Our analysis of ever smokers provided insights into whether more than one metric should be used to evaluate smoking behavior. Log-likelihood ratio tests showed that models encompassing more than one index demonstrated better model fits for both sexes among ever smokers. Of the multi-index models, the model that included current smoking, smoking duration, and intensity exhibited the best fit. For both sexes, inclusion of smoking status in a model addressing smoking intensity/duration reduced the estimate provided by smoking duration but not smoking intensity. This suggests (again) that smoking intensity is prone to recall bias, especially among those who have quit.
Limitations
The limitations of this study highlight areas for future research. First, all measures were self-reported at baseline and were therefore subject to recall biases and changes over time. Furthermore, systemic under-reporting of smoking status among Asian women, including Korean women31, may have led us to underestimate the risks associated with smoking among women. As a result of these contextual differences, our findings may not be generalizable to other countries. Another factor limiting the generalizability of our findings is the use of AICs as a measure of model fit, which is specific to the data analyzed. However, within the Korean context, AICs provide valuable insights, particularly as the data used in this study are also employed annually to estimate the disease burden from smoking. Secondly, some smoking metrics addressed in previous studies, such as time since quitting, age at smoking commencement, and smoking duration were not examined because the data were lacking. In particular, the age at smoking commencement and the time since quitting would have provided further insights into the cumulative exposure to cigarettes. Residual confounding, including that from the use of other tobacco/nicotine products, may have influenced our results.

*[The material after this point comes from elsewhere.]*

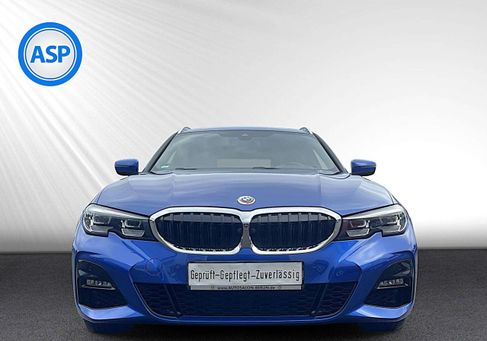 BMW 330, 2022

One report found that those who use more than one tobacco product vary their use intensity32. Lastly, the follow-up period (2009–2021) was shorter than the timeframe needed to adequately observe deaths caused by smoking33, potentially leading to an underestimation of the mortality risks associated with smoking.
CONCLUSIONS
In this large longitudinal survey of South Korean adults, we compared different smoking indices in terms of the strengths of association and model fits. Our analyses showed that smoking intensity demonstrated the strongest association and fair model fit, while smoking status also showed comparable strengths of association and model fit, making it a practical and simple measure to prioritize when up-to-date cumulative measures are not available. Identification of a single ‘best’ index remains challenging; as our results indicate that the measures with the best model fit and strongest association vary. Future studies with longer follow-up periods that use additional measures to accurately identify smoking behaviors in Korea are required. All-cause deaths aside, estimations of cause-specific deaths and overall and cause-specific morbidities are warranted.